– Степан я, Воропаев, по отце Артемьев, годов, видно, будет мне чуть ли не двадцать четыре, Владимирской губернии и уезда, села Глухого Озера, православный, у причастия бывал каждогодно. Пошел я с товарищем Григорьем из такого-то села за таким-то делом в город; на дорогу выпили мы оба; шумело в голове у меня, шумело, видно, и у него; пошли мы считаться, что, вишь, он взял у меня полтинник да отдавал по гривне и по две, а я считал еще за ним пятнадцать копеек, – раза два бранились, и чуть до драки не доходило – все, батюшка, хмель виновата, ничего не помню, хоть убей. Тут сели мы отдыхать да полудновали; опять я его попрекнул, опять стал считаться; он обидел меня, маркитантом обругал, я его – ох, и вымолвить страшно, – я его обухом в голову и ударил: на грех и топор этот случился под рукой. Гриша мой покатился, кровь носом полилась ручьем; я испугался – а мы сидели под кустами, недалечко от берегу, – испугавшись, я его стащил на берег, сунул в воду, да и спустил его по воде; так и сгубил я душеньку занапрасно. Видит бог, батюшка, все одна хмель виновата, ничего знать не знаю, ведать не ведаю. Что было, все сказал; теперь что господу богу угодно, то и станется надо мной; что следует по закону, то и делать прикажите – и прикажите заковать.
Все это записали, приправили, как надо было по закону и земскому обычаю, – и Воропаева, связав, повели заковывать в кандалы. Сам подавал и держал Степан и руки и ноги; «не жаль, говорит, их было – туда и дорога, лишь бы скорее конец, лишь бы не дали сгнить в остроге».
Отвели и туда его; там караульные осмотрели да ощупали кандалы, все ли исправно, обыскали кругом арестанта, приняли бумагу и расписались; рассыльный взял опять книгу свою под мышку и, не взглянув больше на Степана, ушел.

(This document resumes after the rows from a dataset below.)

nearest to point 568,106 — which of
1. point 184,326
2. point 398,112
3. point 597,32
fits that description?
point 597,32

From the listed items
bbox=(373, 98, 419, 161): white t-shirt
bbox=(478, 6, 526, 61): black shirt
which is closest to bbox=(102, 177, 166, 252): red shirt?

Дело привычное.
В первый раз попал Степан в такое место – в первый раз, может статься, и заслужил это. И темно, и сыро, и душно, и грязно. Товарищи такие, что страшно на них и взглянуть: кто в лохмотьях, зарос волосами, космы мотаются; кто исхудал под замком, лица не знать, голосу нет человеческого; а кто еще свеж и дюж, да глядит таким головорезом, что и в остроге страшно рядом с ним лечь. Было тут, как и всюду в таких местах, человека три Ивана Непомнящих; мужики здоровые, бороды чуть не по пояс, а говорят: «Иваном зовут меня, а опричь того ничего не знаю и не помню: ни где родился, ни где вырос, ни отца, ни матери, ни родины – ничего не знаю», – Иван да Иван – так весь век и шатался. Один сидел с женой, с детьми, и тот то же говорит, и жена ничего не помнит, не знает, только знает, что зовут ее Марьей. «Господи боже мой, – подумал Степан, когда обжился немного в тюрьме, – что за диво, что за Иван да Марья, и выросли я состарились, а знать не знают, ведать не ведают: кто они и чьи они?»

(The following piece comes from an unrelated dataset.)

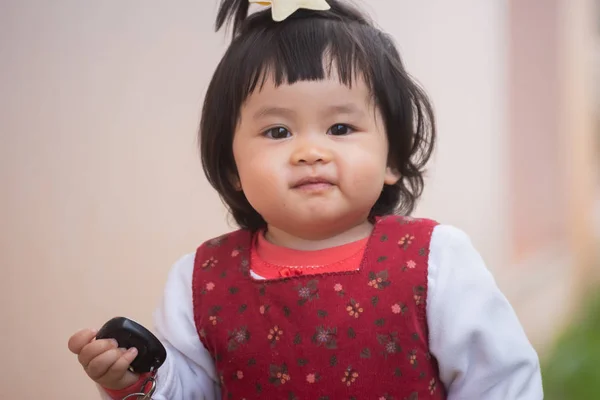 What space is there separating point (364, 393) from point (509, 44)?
857 mm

Разговорился раз как-то Иван Непомнящий со Степаном и стал уговаривать его вместе бежать. Степан отказался: «Я, говорит, своей волей попал». – «Как так?» – «Да вот так и так», – «Дурак же ты, видно, был, дурак и есть; да ты отопрись и теперь: улики нет, и ничего тебе не сделают». Но Степан, сколько ни скучал, сколько ни томился в заключении, остался при своем показании и ожидал спокойно участи своей.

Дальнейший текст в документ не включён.